I feel it is kind of subjective. While it is true hand-written MIPS assembly might lead to more optimized code (size and/or memory-wise) compared to a C compiler in specific situations, IMHO usually it is not worth the extra effort nowadays, or at least for application-level code. Modern optimizing compilers provide a good balance between convenience and resource usage. Also, I think one of the main benefits of working with a high-level language is, above all, portability. What if your game becomes surprisingly popular so the community want to port it to other platforms e.g.: x86_64, arm64 or even other cool retro consoles? They will have a really hard time if the game is written in pure MIPS I assembly. :)

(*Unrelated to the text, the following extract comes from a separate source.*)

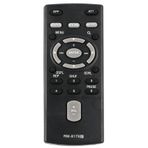 Allimity RM-X176 RMX176 Sony FM/AM Dijital Medya Oynatıcı ve Kompakt Disk Oynatıcı ile Uyumlu Uzaktan Değiştirin DSX-S200X CDX-GT730UI CDX-GT930UI MEX-BT3950U DSXS200X CDXGT730UI CDXGT930UI MEXBT3950U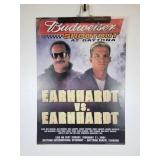 Budweiser "Shootout at Daytona" - Dale Earnhardt vs. Dale Earnhardt, Jr. on February 11, 2001 - Dale Earnhardt Would Pass Away 7 Days After This Televised Event.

OTOH, the PS1 is a very nice little beast! 2 MiB RAM are not that easy to fill up unless you do something wrong, so tons of high-level, not-so-optimized code can be written before memory becomes an issue. CPU-wise though, even if also powerful to handle complex logic, you need to choose your algorithms wisely and avoid unneeded operations so your game keeps running at those fantastic 50/60 fps (depending on PAL/NTSC).

However, I think hand-written assembly has its legitimate uses, like system libraries. For example, psn00bsdk is written in pure MIPS assembly so users can benefit from maximum speed and minimal memory footprint. For psn00bsdk, portability is not a concern at all, since it only targets the PS1 by design. While a C equivalent would have already been fine (e.g.: PSXSDK), psn00bsdk aims for that extra bit of performance that some users might be looking for.

In any case though, always profile your code, look for bottlenecks and apply the most appropriate solution you can come up with. Over-optimizing from the start is usually considered more of a red flag than a good practice.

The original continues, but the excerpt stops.